• **What the task asks**
Pull out every line from the line containing "A white ceramic" through the end of the material, both ends included, and reproduce it exactly. Keep pictures out.

# # # #

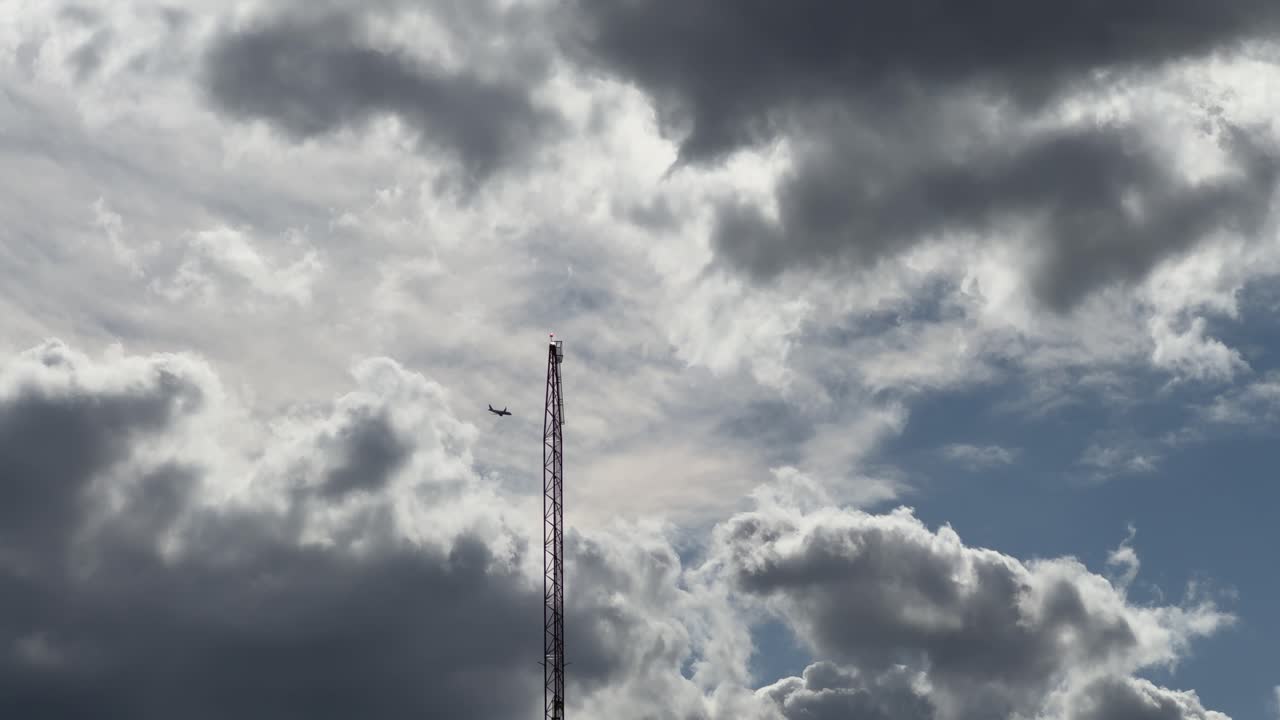 Clouds hover over a tall radio tower under a dramatic sky with plane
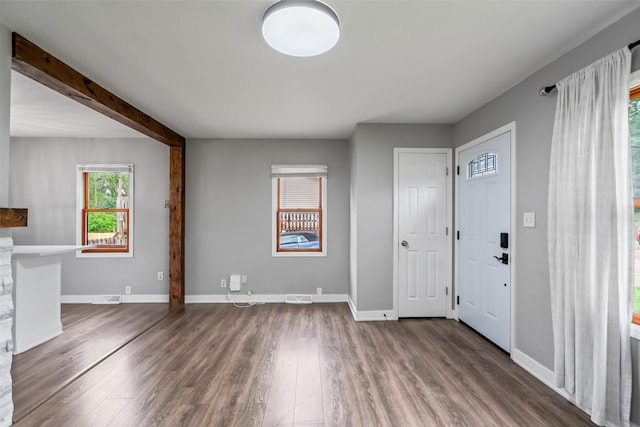 1115 E Herold Ave, Des Moines, IA 50315 - foyer entrance with dark wood-style floors and baseboards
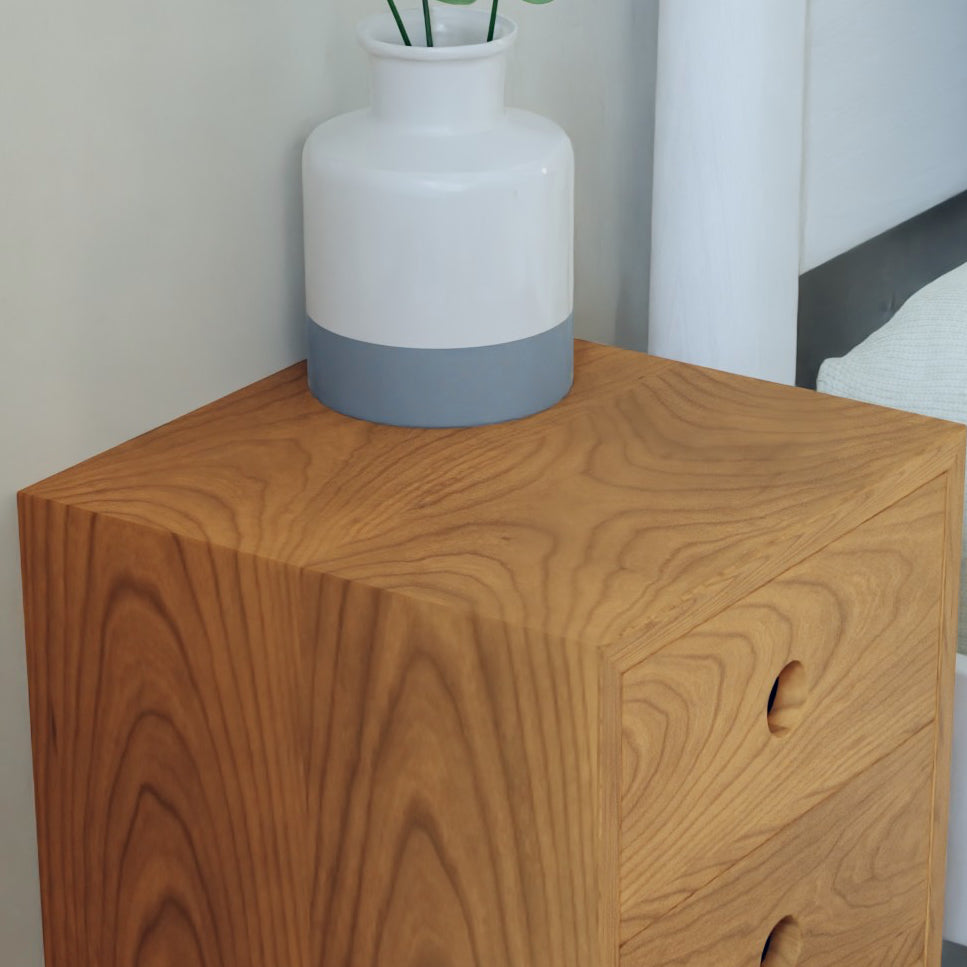 A white ceramic vase with a gray band sits on the Krovel Hardwood Triple Floating Nightstand, which features two drawers and a natural wood grain pattern.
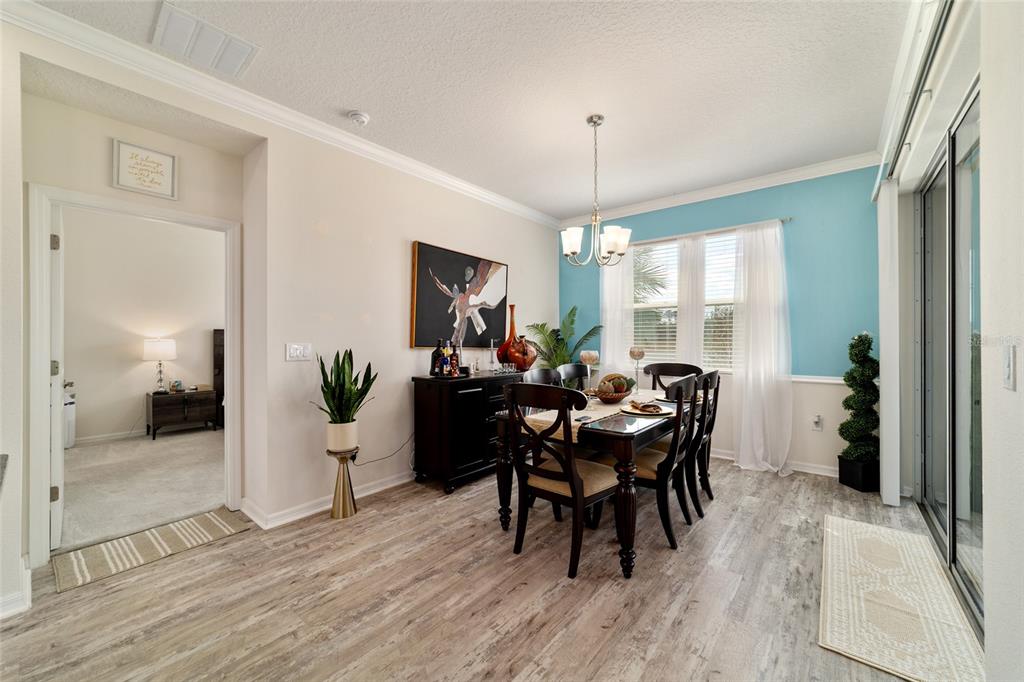 9238 Southwest 60th Terrace Road Ocala, FL 34476 - Photo 26 of 50 a view of a dining room with furniture window and wooden floor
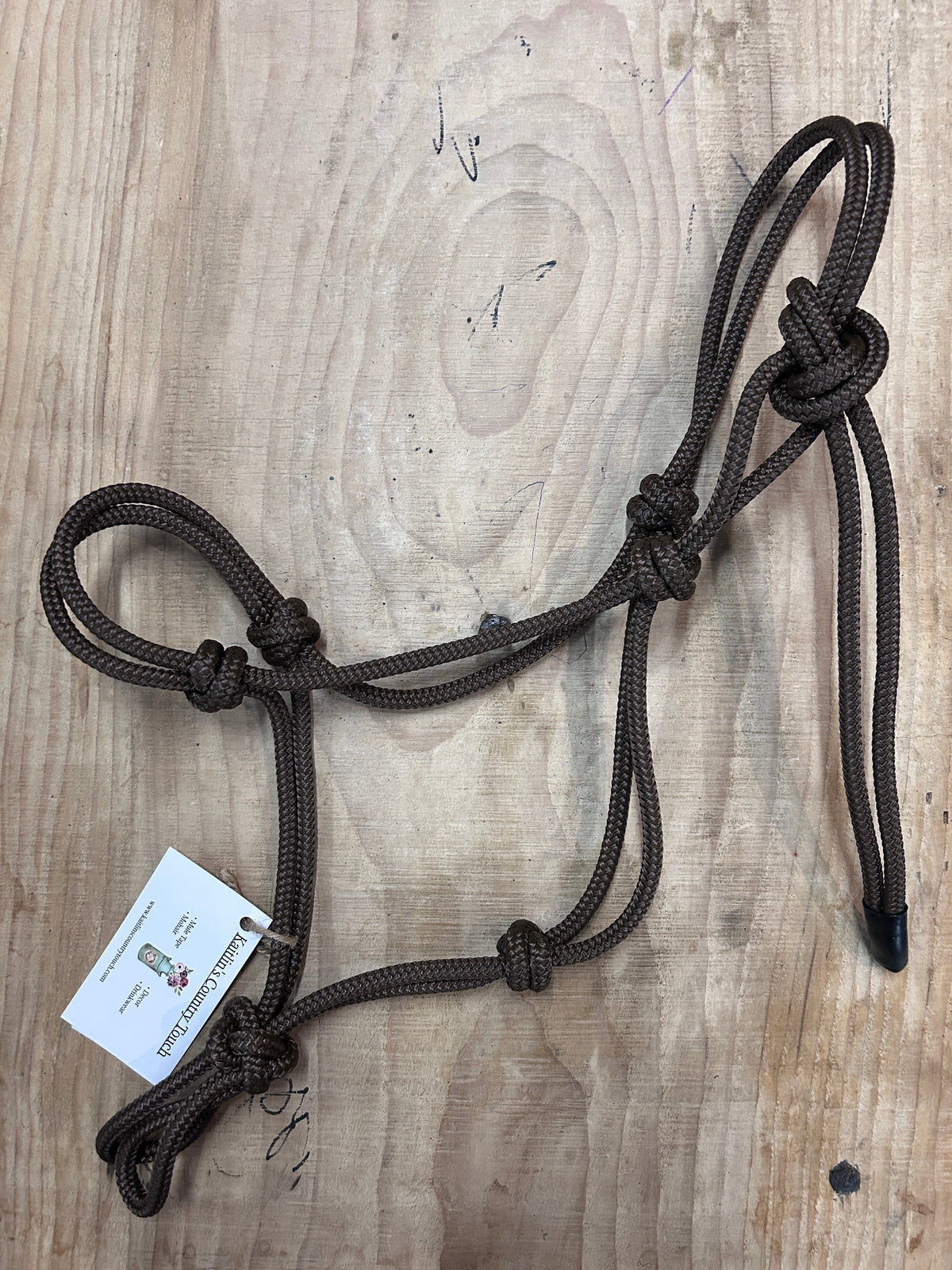A dark brown braided rope halter with a white product tag, laid flat on a light-colored wooden surface.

# # # #

• **Solution to the problem**
 A white ceramic vase with a gray band sits on the Krovel Hardwood Triple Floating Nightstand, which features two drawers and a natural wood grain pattern.
 9238 Southwest 60th Terrace Road Ocala, FL 34476 - Photo 26 of 50 a view of a dining room with furniture window and wooden floor
A dark brown braided rope halter with a white product tag, laid flat on a light-colored wooden surface.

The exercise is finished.